The western press coverage of the Ukrainian conflict starkly contrasts that of other conflict zones. While Russia’s overt aggression against Ukraine is an illegal and barbaric act, the West often forgets that in identical situations, when their governments participated or launched attacks on other states, their reporting has been very different.
Western mainstream media have identified with Ukrainian resistance but have been very cautious in applying the same rhetoric for Palestinian, Iraqi, or Yemeni resistance against foreign invaders such as the US, NATO, or their allies. For example, while defense preparations by Ukrainian civilians (making Molotov cocktails and building trenches and barricades in Ukrainian cities) are interpreted as acts of resistance and fighting for freedom, Palestinian or Iraqi resistance has been often labeled as “terrorism,” linking the Palestinians with extremist movements such as Hamas (which is designated as a terrorist group by many Western governments).
Most of the US media cheer led the US’ invasion of Iraq, which the government justified under the premise it was “freeing Iraqi people” (from themselves). Similar rhetoric was used during the NATO attack on Libya and US-led aggression on the Federal Republic of Yugoslavia, which resulted in the occupation of the southern Serbian province of Kosovo. In reality, NATO and the Western governments have created nothing but destruction and chaos.
“The involvement of other countries in wars has a lot to do with the narratives these countries promote.”

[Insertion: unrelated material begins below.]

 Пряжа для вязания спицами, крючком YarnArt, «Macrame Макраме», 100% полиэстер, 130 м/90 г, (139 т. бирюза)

“The involvement of other countries in wars has a lot to do with the narratives these countries promote, and each war’s individual situation,” explained Ramzi Abou Ismail, a political psychologist, doctoral researcher and Associate Lecturer at the University of Kent, to Inside Arabia. Ismail explained that when the US attacked Iraq, the narrative centered around world democracy invading a dictatorship that has weapons of mass destruction and people who should be freed. On the other hand, the Russian war’s narrative is that of Putin’s authoritarian regime attacking the democratic country of Ukraine because it feels threatened by NATO. “The narrative is different,” Ismail said.

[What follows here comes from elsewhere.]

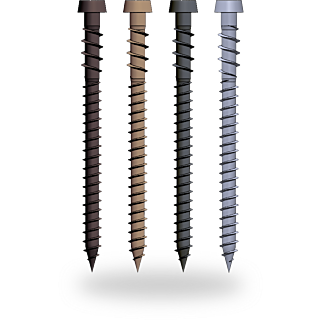 CAMO DRIVE Collated Composite Face Deck Screws 2-1/2 in. Tan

In Jakšić’s view, the double standards are as old as journalism itself. “Patriotic” journalism is basically a synonym for propaganda. He recalls that during the Falkland war, British authorities were deciding which news reporters deserved to embark on warships and travel to a war zone in accordance with how patriotic they were. Those who asked “unpleasant questions” were simply excluded.

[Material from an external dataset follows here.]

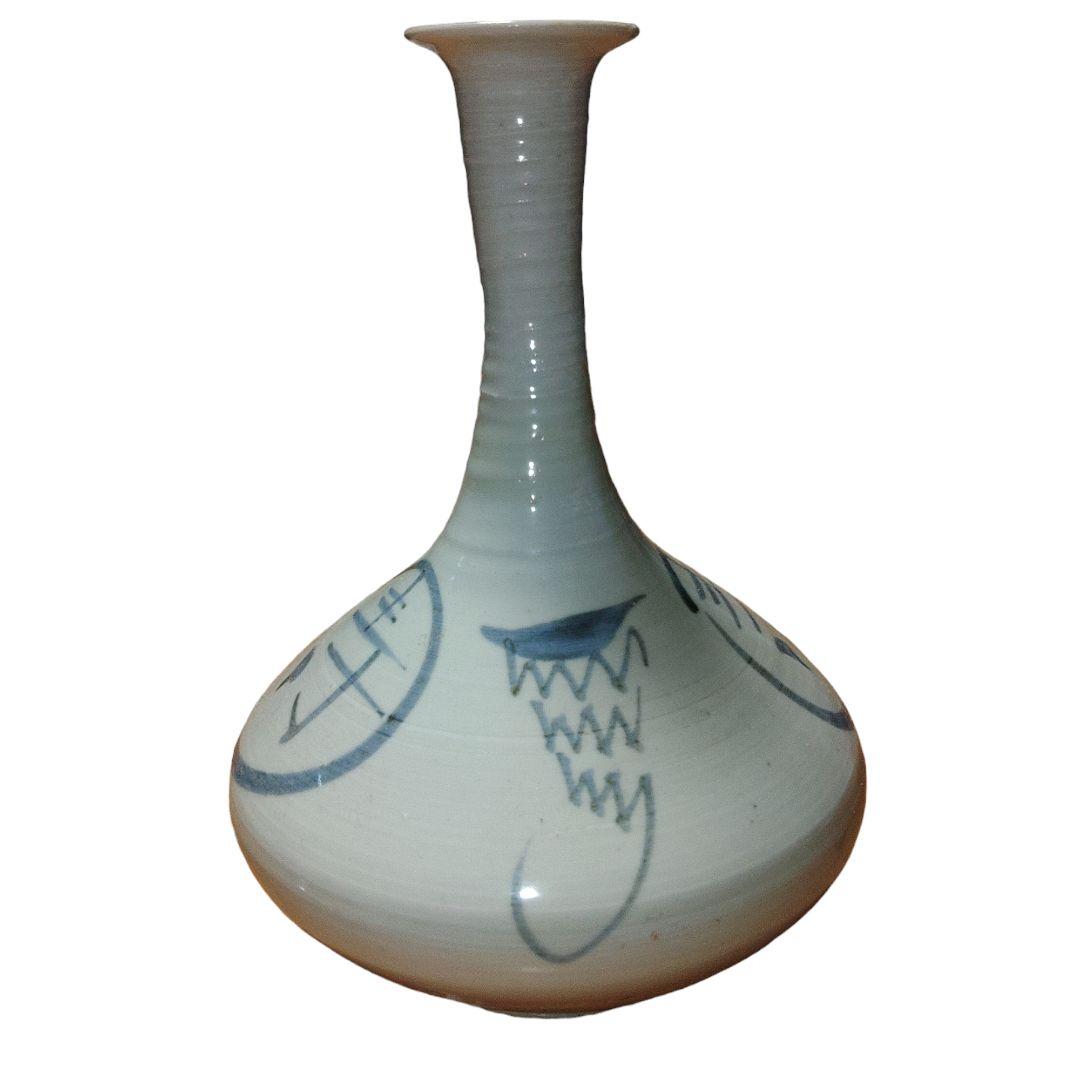 古伊万里?　李朝　鶴頸染付け徳利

Jakšić thinks that the mainstream media were always on the side of the ruling elite: in the East by command, in the West upon request. The final result is nearly identical, with the only difference being in interpretation or impression. While Russia Today, for example, is often described as Putin’s propaganda tool, Jakšić observes that CNN’s narrative does not differ much, as both media serve one goal: propaganda.
The question remains: why have mainstream media and their journalists and editors chosen to take such a biased and Islamophobic approach? Most of them are veterans of war reporting from the Middle East and Balkans, and it is almost impossible to think that they are unaware of ongoing different patterns of reporting.
Dr. Alexander, however, disagrees that most of these journalists and editors could be described as “veterans of war reporting.” He said that “the lack of security and military expertise is a significant problem in modern journalism. The specific war correspondent –– well versed in military jargon and able to critically evaluate military strategy and propaganda –– is a dying area of expertise.” He explained that parachute journalists, who only yesterday were covering a story on culture, economics, lifestyle, etc., are today reporting from a battlefield and requesting, perhaps disingenuously, that the audience have confidence in the quality and accuracy of what they say. In his opinion, “some key individuals certainly retain expertise in warfare –– often the older journalists –– but for most, they focus on the human interest and the humanitarian story because the suffering resonates with ease, and the politics of the situation is hard to understand and certainly cannot be learned [from] a few days in Ukraine, Syria, etc.”
“The lack of security and military expertise is a significant problem in modern journalism.”
Moreover, one cannot ignore the political pressure on journalists, regardless of where they come from. Countries with a free press are no exception.
Jakšić, for example, revealed to Inside Arabia that his American journalist colleague from one of the most prominent world newspapers complained that he had been warned to change his writing/reporting style when he tried to objectively report about the NATO-led attack on Yugoslavia in 1999, otherwise he would be replaced and sent back to London.
The Western mainstream media, in his opinion, have picked a side in the Ukraine conflict much as they have been doing in the Middle East for decades, carefully following the interests of their governments and allies: Israel, Egypt, or the Gulf States. “This brings us to a paradoxical situation where, for example, liberal Israeli newspaper Haaretz has published far more critical articles about the Palestinian struggle and occupation of the West Bank than, for example, the New York Times.” Jakšić said. Of course, Russian and Chinese papers also closely follow these trends, but it is true that in times of peace, there is more room for free and objective reporting than in times of conflict.
In a similar vein, Dr. Alexander noted that “journalism is never impartial and any journalist or news organization claiming impartiality is either lying or deluded.” He said that journalists certainly look to the governments of the countries where their networks are based as having more authority over the situation than other sources.
“On domestic matters, journalists are readily critical of politicians for deception tactics, but when it comes to a foreign crisis like Ukraine or North Korea testing nuclear weapons, those same sources are deemed trustworthy. The idea that a politician (Western or otherwise) only lies on some issues and not others is farcical,” Dr. Alexander noted.
Nevertheless, media should play a decisive role in living up to universal values that are common to all people, regardless of their ethnic origin or socioeconomic background. They must also address controversial subjects, no matter how challenging, while holding powerful people and governments accountable for their actions, because selective justice is injustice.